DiaStar Multimedia IVVR
From ProjectDiaStar
Contents |
What is IVVR?
The next step beyond Interactive Voice Response (IVR) is Interactive Voice and Video Response. (IVVR) Both allow user interaction with the media to control the flow of the application through menus and data entry into the app with DTMF tones. But IVVR allows for much more information to be displayed, allowing sophisticated applications that would be impossible in a voice-only world.
In the same way that IVR systems enabled companies to create self-help telephony applications and reduce contacts with their agents, IVVR will extend that paradigm, allowing companies to build self-help audio/video applications that address significantly more complex tasks. Complex instructions can be delivered to precisely the location where they are needed.
For some applications, a small web browser interface on a hand-held device may be too complex. Here, video menus can provide a simplified user interface on a mobile phone.
Here are some good examples of viable mobile IVVR applications:
- Mobile Banking - access account info, transfer between accounts, pay bills, etc. Operations are clearer with video menus. Figures remain on the screen until the user dismisses them
- Store Locator - provides address, telephone number (with one button calling) and maps of various scales to find the address. Adds for current specials can be viewed
- Some Assembly Required - an interactive, pictorial/video walk-through of putting together a product such as an iPod docking station and its speakers
DiaStar has the capabilities to play and record multimedia (simultaneous audio and video) files when used in conjunction with an Asterisk client. While audio-only media with DiaStar and Asterisk is handled on Asterisk, DiaStar controls the playing and recording of multimedia files. The media terminates/originates on DiaStar, rather than being passed through to Asterisk. Control of the IVVR app flow is still accomplished through the Asterisk dialplan or AGI - inbound calls are answered, outbound calls made and multimedia sessions initiated.
DiaStar delivers mutlimedia to any SIP-compliant endpoint. This includes desktop video SIP phones, video SIP softphones running on stationary or laptop PCs, SIP devices on handheld devices with WiFi internet connectivity. 3G-324M delivery of multimedia to 3G mobile phones is also possible, either through a 3G gateway or directly from the DiaStar server. Video codec support includes H.263 and MPEG4, with H.264 support available soon.

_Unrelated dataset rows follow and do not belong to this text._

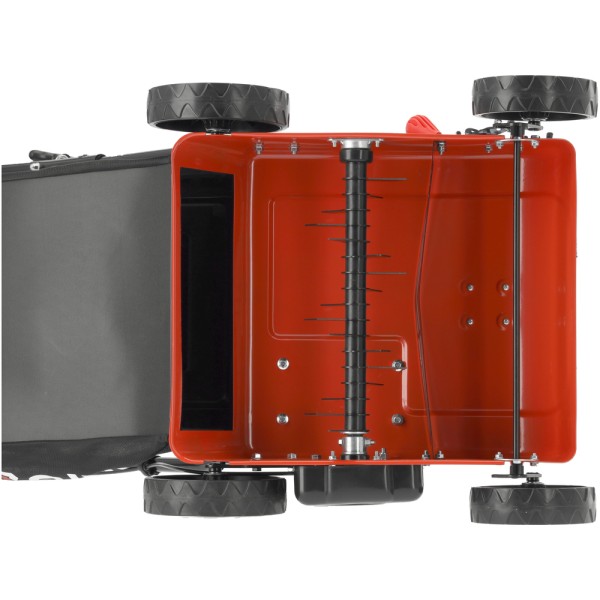 WERTYKULATOR/AERATOR SPALINOWY 2W1 38CM POJ 196CM3 YT-85570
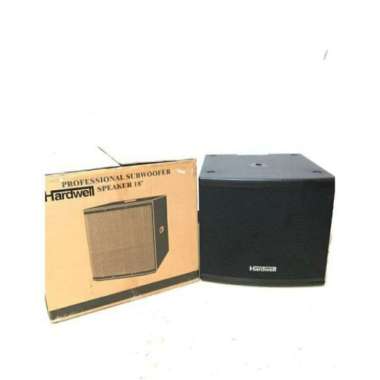 Subwoofer HARDWELL SW18 / SUBWOOFER AKTIF HARDWELL SW 18 ORIGINAL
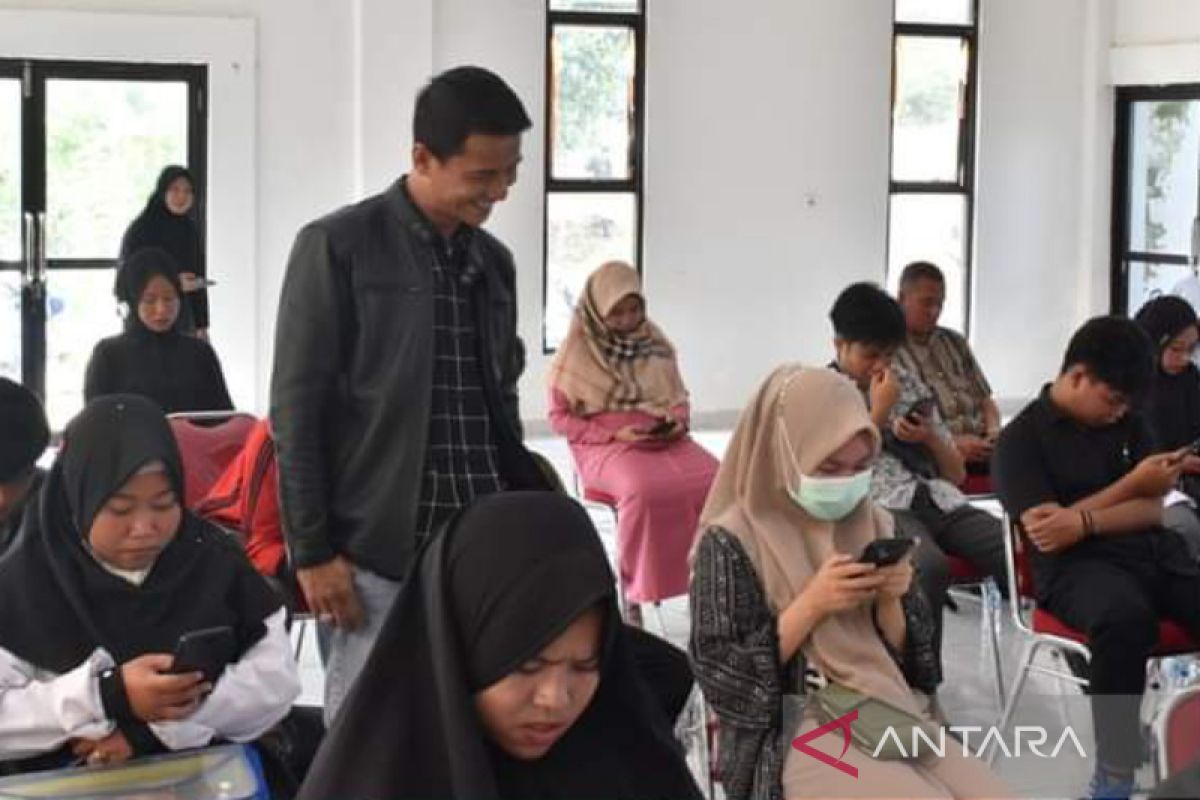 KPU Bangka Barat: 392 calon PPS Pemilu 2024 lulus tes tertulis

For further ideas on IVVR applications and information on how mobile video fits into the world of telecom in general, look through these links to application notes and white papers about mobile video on Dialogic products:
- An Introduction to Multimedia Services
- Addressing Video Processing Challenges with the IP Multimedia Subsystem
- Bringing Video to the Mobile Handheld Market
- Increasing Customer Loyalty with Enhanced Video Services
- 3G Video Applications Enter a New Era
Mobile Video
Mobile video is, by the nature of the devices used, viewed on a small screen. Devices include 3G mobile phones, Smart Phones and Personal Digital Assistants. In addition to handhelds, small desktop devices such as dedicated video SIP phones and soft SIP phones running on a laptop or desktop PC are likely video endpoints.

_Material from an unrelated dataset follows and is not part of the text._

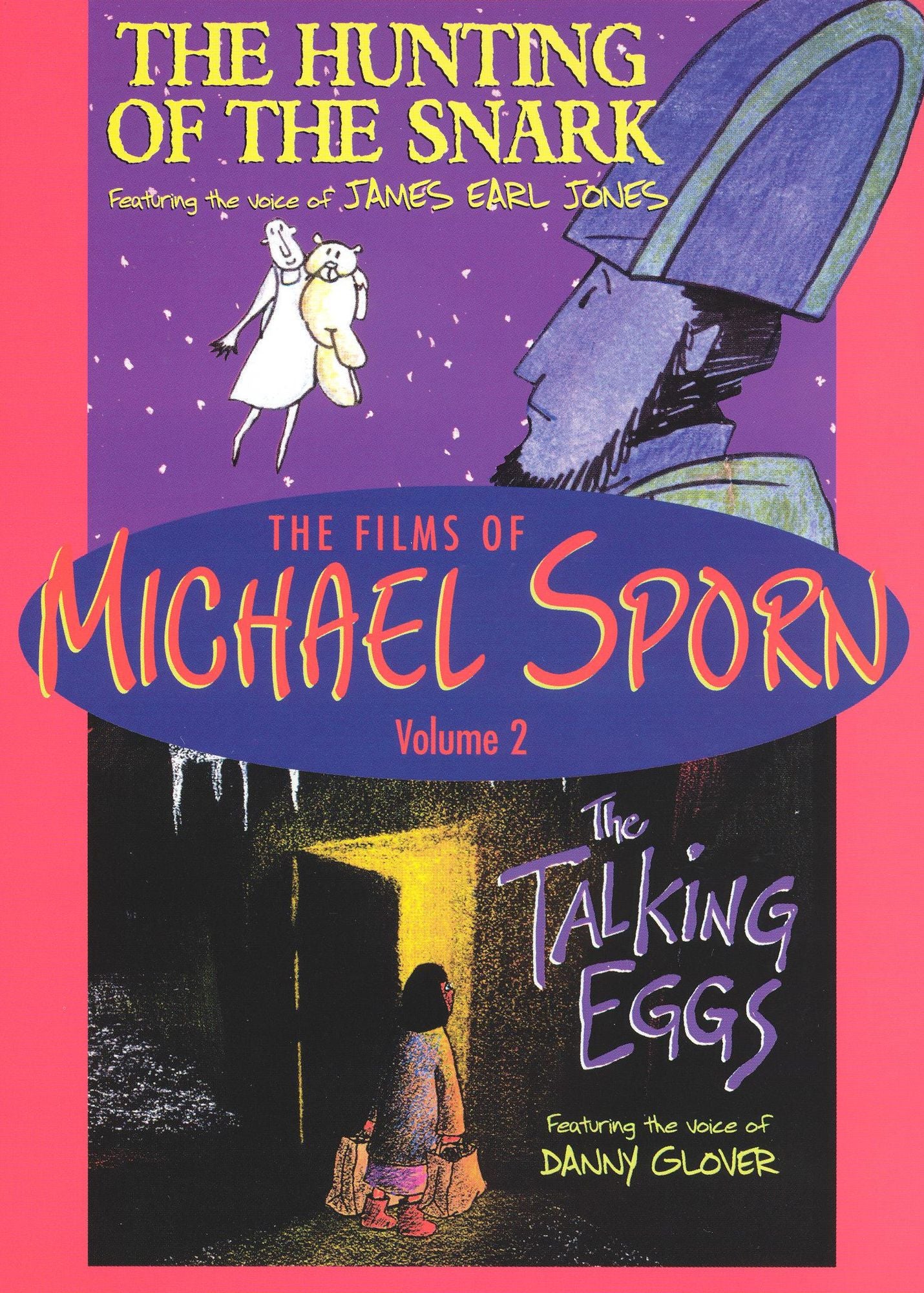 The Films of Michael Sporn, Vol. 2: The Hunting of the Snark/The Talking Eggs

All of these devices use formats known as Common Intermediate Format (CIF) or Quarter Intermediate Format. (QCIF) These formats are sized as follows:
- CIF 352 x 288 pixels
- QCIF 176 x 144 pixels
The physical size of each of these formats depends on the size of an individual pixel, but each look best at around 100 pixels/inch.
Certain video and audio codecs are standard for mobile video. More information on these will be found below.
Multimedia Production for Mobile Video
As with IVR, there is a production process that needs to be followed for IVVR. The following diagram shows the what goes into this process:
- The show is first planned and scripted
- Video clips are shot or purchased
- Clips are edited and menus created
- Post-production of the clips are done to get the proper formats for mobile video
- An Asterisk Dialplan is written
- Media files are stored on the DiaStar server
- The production is ready for use
Scripting & Storyboard
A storyboard should first be drawn up. This outlines the flow of the interactive multimedia application, and includes menus, data entry screens and video clips. The clips themselves will usually include spoken dialog, either from the character in the clip, or overlaid after the filming is done. Once the script for the clips has been finished, filming can begin.
Multimedia Capture
Video elements can be created from stock video footage or by filming orginal content.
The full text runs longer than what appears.